### What is needed:
Transcribe the line holding "New 2027 Boston" together with every line after it, through the end of the records, exactly and with no pictures.

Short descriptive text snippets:
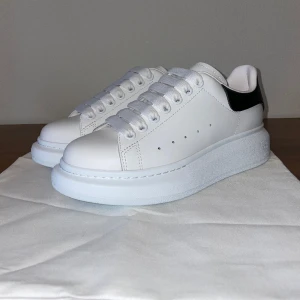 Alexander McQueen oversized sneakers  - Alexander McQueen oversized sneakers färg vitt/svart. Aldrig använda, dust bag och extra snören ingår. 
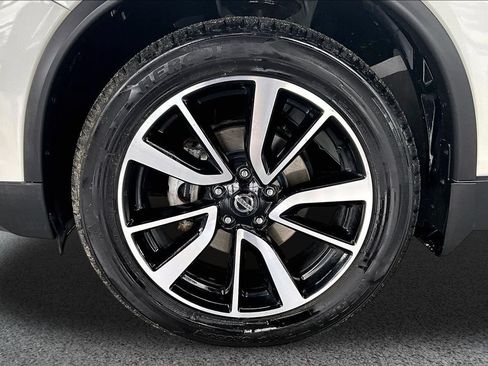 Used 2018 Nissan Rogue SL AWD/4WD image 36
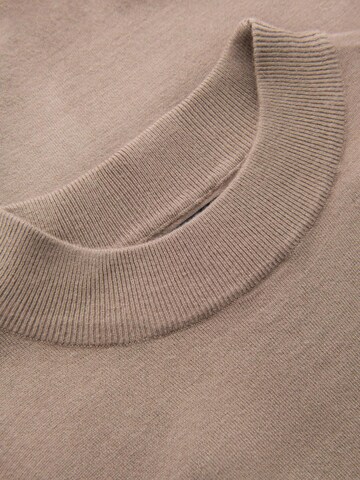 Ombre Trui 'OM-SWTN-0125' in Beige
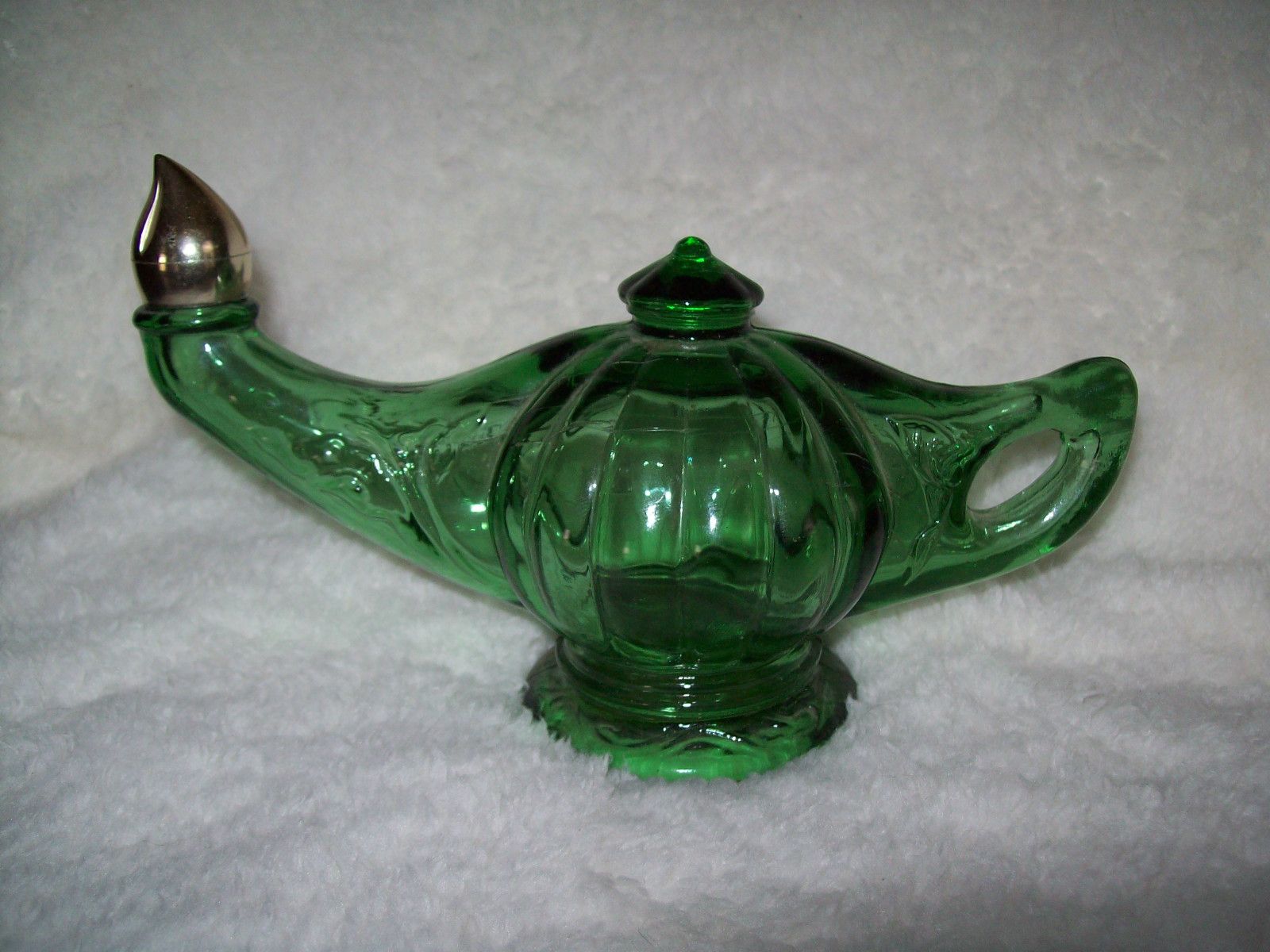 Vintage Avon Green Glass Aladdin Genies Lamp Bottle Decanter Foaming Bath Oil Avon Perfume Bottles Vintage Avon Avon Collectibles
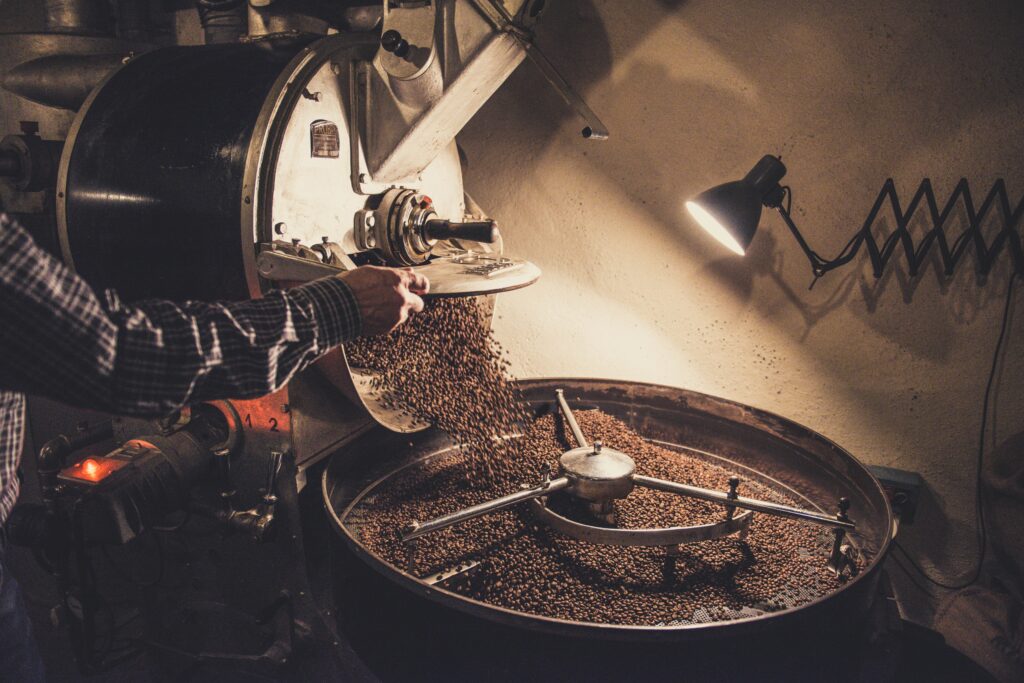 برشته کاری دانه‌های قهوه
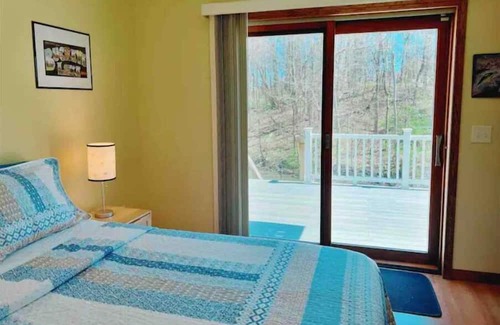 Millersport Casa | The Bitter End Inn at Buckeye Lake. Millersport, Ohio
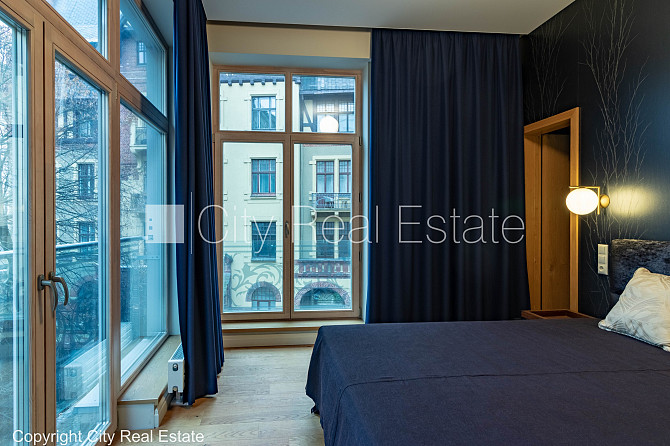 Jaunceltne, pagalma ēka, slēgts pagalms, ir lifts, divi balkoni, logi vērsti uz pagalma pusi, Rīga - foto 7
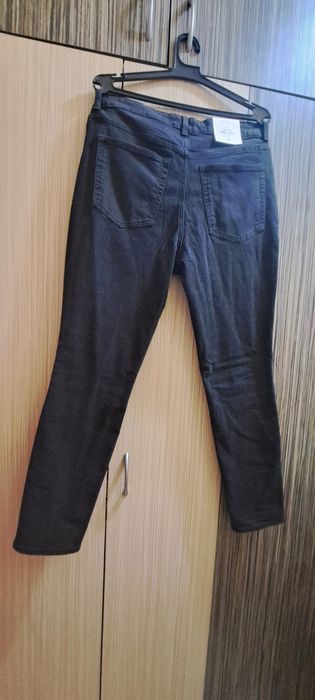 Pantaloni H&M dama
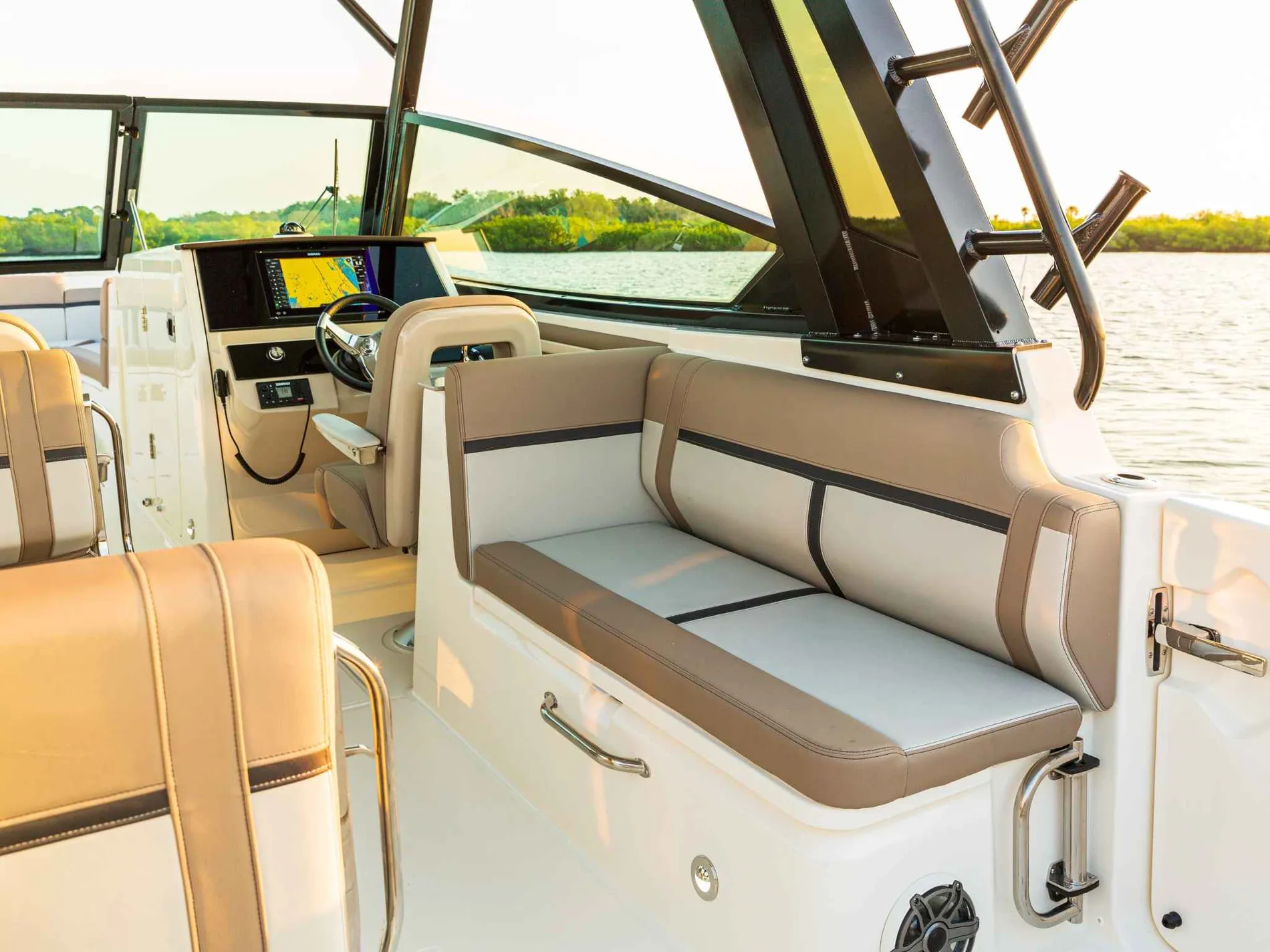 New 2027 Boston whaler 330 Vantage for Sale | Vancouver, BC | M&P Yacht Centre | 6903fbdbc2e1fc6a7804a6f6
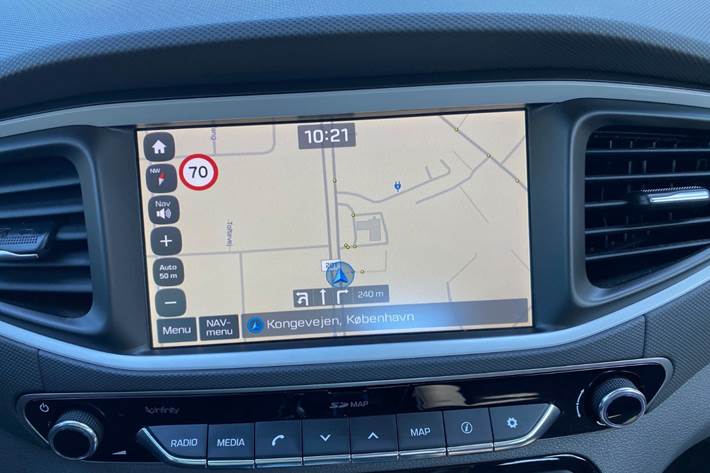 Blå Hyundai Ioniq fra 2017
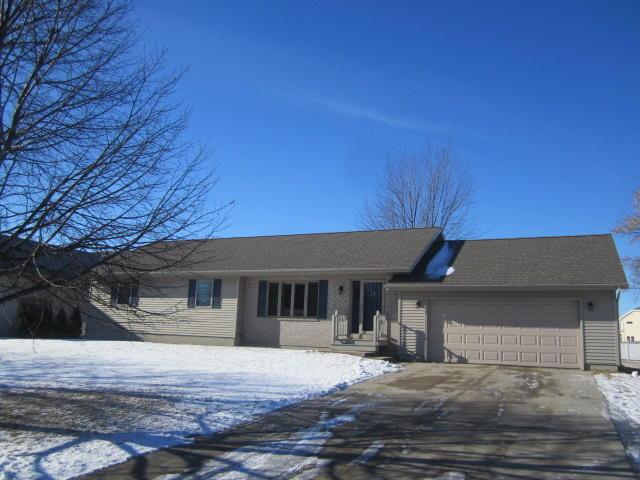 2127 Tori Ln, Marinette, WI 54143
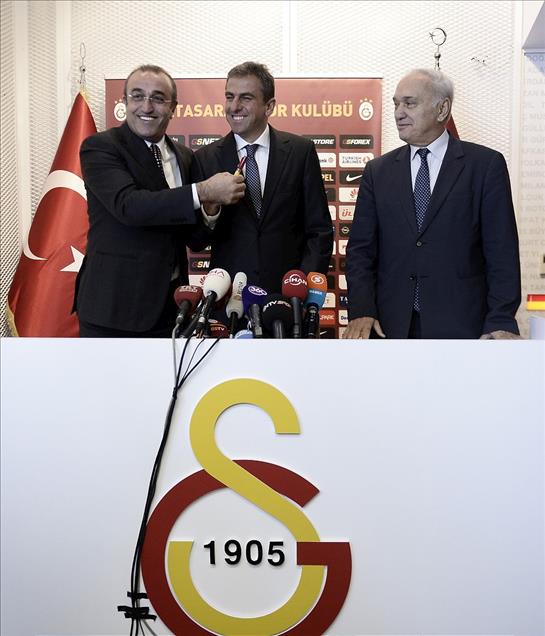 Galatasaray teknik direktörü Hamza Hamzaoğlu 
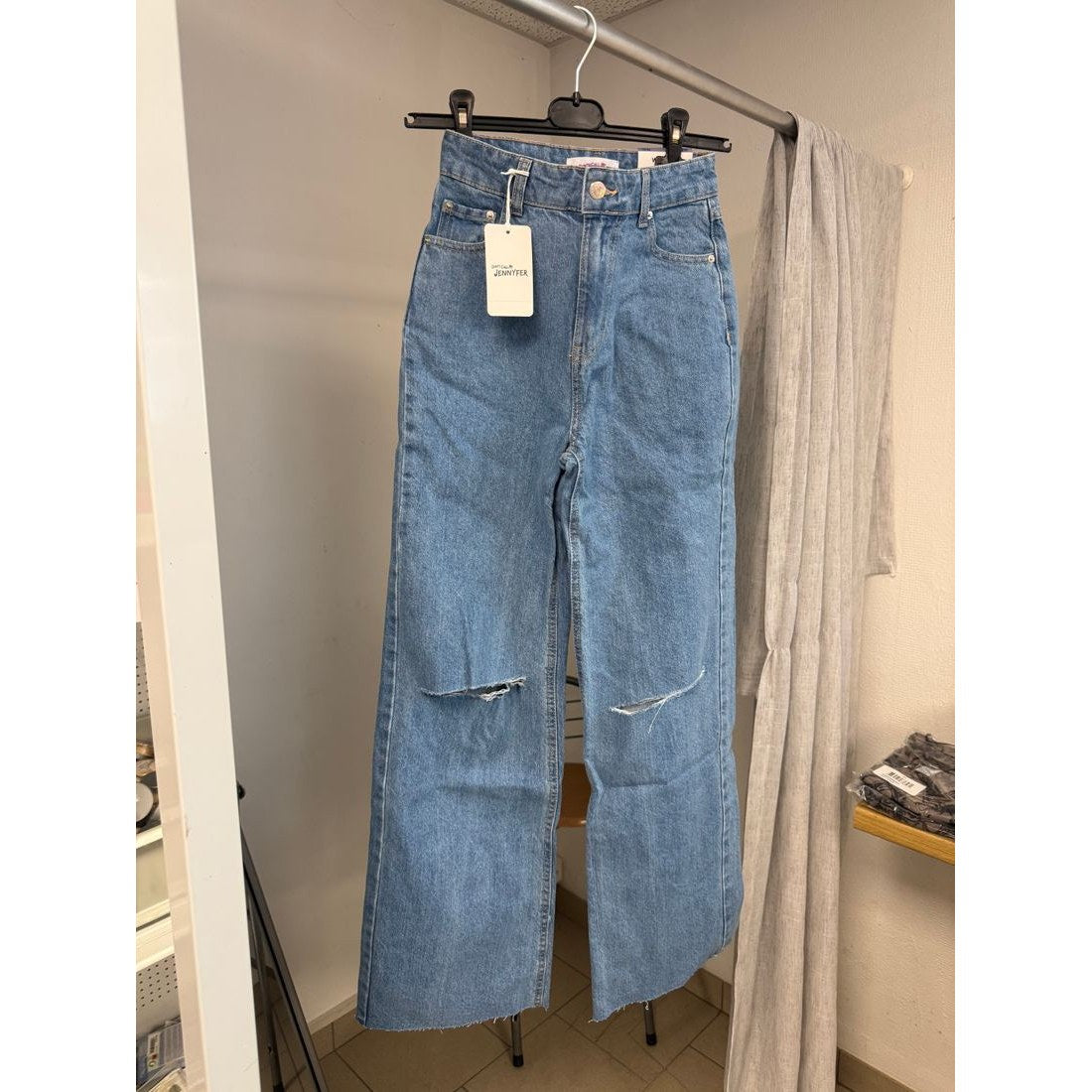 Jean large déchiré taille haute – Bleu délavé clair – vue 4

### Expected answer:
 New 2027 Boston whaler 330 Vantage for Sale | Vancouver, BC | M&P Yacht Centre | 6903fbdbc2e1fc6a7804a6f6
 Blå Hyundai Ioniq fra 2017
 2127 Tori Ln, Marinette, WI 54143
 Galatasaray teknik direktörü Hamza Hamzaoğlu 
 Jean large déchiré taille haute – Bleu délavé clair – vue 4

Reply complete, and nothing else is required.